Me doy la vuelta, siento que mi codo golpea algo sólido, pero no compruebo el qué, salgo corriendo. Corro, huyo, quiero desaparecer.
La campanilla japonesa canta tímida. La puerta se abre y se cierra. Sus pasos son sólidos, su voz firme, pero no le escucho. Sólo veo el suelo ensombrecido por la tarde. Él enciende los focos de Babilonia, la luz arranca brillos, destellos, a las tijeras plateadas que sostengo entre mis dedos.
—Astrid, ¿qué has hecho? —entiendo al fin sus palabras.
Miro a mi alrededor y dibujo en mi mente el cuadro que él debe estar contemplando: su sobrina, sentada en el suelo de la tienda, con unas tijeras en la mano, rodeada de rizos dorados, de mechones de pelo, segados, el parquet es ahora una fosa común de pelo muerto.
Sus manos acarician las mías, el filo suena metálico sobre el mostrados y él vuelve a mí.
—Astrid, ¿por qué lo has hecho? —pregunta.
Sabía que algo iba mal, yo lo sabía, pero no quería creerlo,…
—No quiero parecerme a ella, yo también quiero borrarla —mi voz no parece mía, suena temblorosa, débil —. No me importa que ella me abandone —los ojos me arden, siento que algo trepa por mi garganta y queda encallado en donde salen los sonidos de mi boca —, pero, ¿por qué tu quieres mandarme allí? ¿Por qué vas a dejar que ella me encierre? —“Laura” es un eco en mi cabeza, ya no es “mamá”, es “Laura”, es “ella”. Mi tristeza, mi impotencia, se desborda, las lágrimas empapan mi cara, no puedo reprimirlo, siento que me falta el aire —No me dejes, por favor —no puedo seguir hablando, mi voz es muda.
Siento su abrazo, él también tiembla, se aparta para acariciarme la cara, para besarme las mejillas, los párpados, la frente.
—Jamás te dejaría Astrid —él también está llorando —. Te dije que quería preguntarte algo, siento no haber empezado por ahí, haberte causado todo este sufrimiento.
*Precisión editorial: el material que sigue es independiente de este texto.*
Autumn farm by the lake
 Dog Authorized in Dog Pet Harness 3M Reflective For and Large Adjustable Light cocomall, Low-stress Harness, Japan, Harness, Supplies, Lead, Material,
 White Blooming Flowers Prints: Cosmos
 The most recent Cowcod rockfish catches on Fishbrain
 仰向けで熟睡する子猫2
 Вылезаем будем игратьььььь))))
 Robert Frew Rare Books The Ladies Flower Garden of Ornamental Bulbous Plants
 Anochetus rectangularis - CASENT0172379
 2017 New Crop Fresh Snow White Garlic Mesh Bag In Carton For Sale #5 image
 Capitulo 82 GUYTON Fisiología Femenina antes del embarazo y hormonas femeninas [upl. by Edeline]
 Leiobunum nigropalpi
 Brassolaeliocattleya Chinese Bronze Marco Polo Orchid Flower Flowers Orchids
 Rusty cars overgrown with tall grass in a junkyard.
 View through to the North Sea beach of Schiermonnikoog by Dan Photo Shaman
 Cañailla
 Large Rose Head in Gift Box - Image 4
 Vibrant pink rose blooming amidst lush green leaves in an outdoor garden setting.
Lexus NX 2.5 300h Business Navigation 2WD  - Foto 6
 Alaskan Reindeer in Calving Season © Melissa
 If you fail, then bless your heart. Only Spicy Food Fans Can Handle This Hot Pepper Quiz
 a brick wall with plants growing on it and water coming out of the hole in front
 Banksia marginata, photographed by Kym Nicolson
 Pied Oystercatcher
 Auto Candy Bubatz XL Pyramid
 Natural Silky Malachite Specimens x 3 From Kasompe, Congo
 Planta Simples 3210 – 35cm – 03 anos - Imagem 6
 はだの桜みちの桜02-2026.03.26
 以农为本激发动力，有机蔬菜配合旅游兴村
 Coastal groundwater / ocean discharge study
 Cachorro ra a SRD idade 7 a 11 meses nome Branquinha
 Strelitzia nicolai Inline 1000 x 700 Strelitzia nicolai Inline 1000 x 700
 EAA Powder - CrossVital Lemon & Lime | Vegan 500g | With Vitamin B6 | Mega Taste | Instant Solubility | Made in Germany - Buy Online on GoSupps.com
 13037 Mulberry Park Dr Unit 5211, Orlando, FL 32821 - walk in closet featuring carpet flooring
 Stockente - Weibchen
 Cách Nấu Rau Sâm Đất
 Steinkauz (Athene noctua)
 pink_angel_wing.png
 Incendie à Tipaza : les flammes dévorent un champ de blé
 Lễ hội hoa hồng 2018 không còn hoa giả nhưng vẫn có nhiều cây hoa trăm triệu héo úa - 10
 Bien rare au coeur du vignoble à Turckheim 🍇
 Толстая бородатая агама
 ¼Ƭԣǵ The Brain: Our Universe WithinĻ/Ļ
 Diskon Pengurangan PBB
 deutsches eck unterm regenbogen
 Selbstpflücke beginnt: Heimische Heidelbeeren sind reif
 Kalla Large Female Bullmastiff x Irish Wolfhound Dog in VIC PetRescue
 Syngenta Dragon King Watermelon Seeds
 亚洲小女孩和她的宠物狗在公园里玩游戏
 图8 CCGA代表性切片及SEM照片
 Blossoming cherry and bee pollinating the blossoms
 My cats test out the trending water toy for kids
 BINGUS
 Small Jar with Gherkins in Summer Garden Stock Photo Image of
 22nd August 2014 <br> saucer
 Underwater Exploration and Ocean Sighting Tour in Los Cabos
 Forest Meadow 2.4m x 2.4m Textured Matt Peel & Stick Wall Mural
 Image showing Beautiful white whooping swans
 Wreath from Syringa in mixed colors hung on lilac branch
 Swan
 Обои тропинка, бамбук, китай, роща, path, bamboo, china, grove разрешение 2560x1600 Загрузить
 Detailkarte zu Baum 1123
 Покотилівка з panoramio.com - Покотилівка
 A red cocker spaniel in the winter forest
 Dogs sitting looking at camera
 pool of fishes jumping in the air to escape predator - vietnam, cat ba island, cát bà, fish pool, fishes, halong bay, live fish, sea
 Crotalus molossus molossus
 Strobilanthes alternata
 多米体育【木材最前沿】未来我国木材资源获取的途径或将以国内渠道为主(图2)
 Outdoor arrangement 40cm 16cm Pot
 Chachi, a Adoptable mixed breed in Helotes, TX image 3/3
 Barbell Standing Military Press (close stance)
Dime Astrid, ¿quieres vivir conmigo? ¿Quedarte conmigo? –sus ojos llorosos, encarnados, me preguntan algo para lo que ya tienen respuesta.
Me arrojo a sus brazos, cae hacia atrás, quedando sentado, me acurruco contra él.
—No iré a ningún lado sin ti —susurro acariciando con el dedo índice su labio herido, él era lo que había golpeado mi codo en la huida.
Me pregunto cómo se habrá preocupado buscándome durante todo el día. Sé que ahora sonríe. Acaricia mi pelo corto y oigo una risa ahogada.
—Tendremos que ir a una peluquería, ¿crees que habrá hoy alguna abierta?
Yo también río, nuestras carcajadas inundan la estancia, cada librería, cada título. Prefiero no mirarme al espejo.